*** Information shown ***

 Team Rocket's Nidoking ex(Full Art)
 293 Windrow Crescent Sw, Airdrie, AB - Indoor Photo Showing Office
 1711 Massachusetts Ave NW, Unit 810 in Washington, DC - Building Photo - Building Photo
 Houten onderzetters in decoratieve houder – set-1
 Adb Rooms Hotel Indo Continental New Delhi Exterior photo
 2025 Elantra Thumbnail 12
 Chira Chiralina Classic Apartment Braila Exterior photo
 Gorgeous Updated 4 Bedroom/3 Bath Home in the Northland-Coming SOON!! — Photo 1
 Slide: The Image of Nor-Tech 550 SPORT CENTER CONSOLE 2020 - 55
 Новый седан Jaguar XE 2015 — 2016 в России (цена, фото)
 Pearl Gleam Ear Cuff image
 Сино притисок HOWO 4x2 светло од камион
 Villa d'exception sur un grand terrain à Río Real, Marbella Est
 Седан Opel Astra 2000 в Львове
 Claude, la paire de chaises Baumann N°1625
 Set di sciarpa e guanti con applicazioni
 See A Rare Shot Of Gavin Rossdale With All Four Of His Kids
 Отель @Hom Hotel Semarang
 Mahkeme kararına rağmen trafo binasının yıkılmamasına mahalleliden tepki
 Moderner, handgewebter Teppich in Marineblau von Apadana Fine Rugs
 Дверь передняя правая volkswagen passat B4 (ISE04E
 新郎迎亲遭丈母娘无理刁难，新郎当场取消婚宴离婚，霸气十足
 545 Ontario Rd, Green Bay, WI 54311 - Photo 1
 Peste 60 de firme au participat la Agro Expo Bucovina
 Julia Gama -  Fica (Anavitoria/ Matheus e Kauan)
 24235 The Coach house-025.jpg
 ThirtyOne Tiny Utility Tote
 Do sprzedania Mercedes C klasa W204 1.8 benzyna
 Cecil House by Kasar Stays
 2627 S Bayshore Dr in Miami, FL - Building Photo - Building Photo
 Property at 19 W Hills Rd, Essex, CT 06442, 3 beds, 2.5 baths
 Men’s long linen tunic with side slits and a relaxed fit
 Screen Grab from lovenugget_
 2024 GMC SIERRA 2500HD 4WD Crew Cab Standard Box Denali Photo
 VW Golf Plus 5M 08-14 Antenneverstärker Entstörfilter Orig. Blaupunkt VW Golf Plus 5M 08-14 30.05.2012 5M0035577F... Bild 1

*** End of Information shown ***

Assignment:
Extract, verbatim, the lines from the one containing "Отель @Hom Hotel Semarang" through the last line of the listing above.

Response:
 Отель @Hom Hotel Semarang
 Mahkeme kararına rağmen trafo binasının yıkılmamasına mahalleliden tepki
 Moderner, handgewebter Teppich in Marineblau von Apadana Fine Rugs
 Дверь передняя правая volkswagen passat B4 (ISE04E
 新郎迎亲遭丈母娘无理刁难，新郎当场取消婚宴离婚，霸气十足
 545 Ontario Rd, Green Bay, WI 54311 - Photo 1
 Peste 60 de firme au participat la Agro Expo Bucovina
 Julia Gama -  Fica (Anavitoria/ Matheus e Kauan)
 24235 The Coach house-025.jpg
 ThirtyOne Tiny Utility Tote
 Do sprzedania Mercedes C klasa W204 1.8 benzyna
 Cecil House by Kasar Stays
 2627 S Bayshore Dr in Miami, FL - Building Photo - Building Photo
 Property at 19 W Hills Rd, Essex, CT 06442, 3 beds, 2.5 baths
 Men’s long linen tunic with side slits and a relaxed fit
 Screen Grab from lovenugget_
 2024 GMC SIERRA 2500HD 4WD Crew Cab Standard Box Denali Photo
 VW Golf Plus 5M 08-14 Antenneverstärker Entstörfilter Orig. Blaupunkt VW Golf Plus 5M 08-14 30.05.2012 5M0035577F... Bild 1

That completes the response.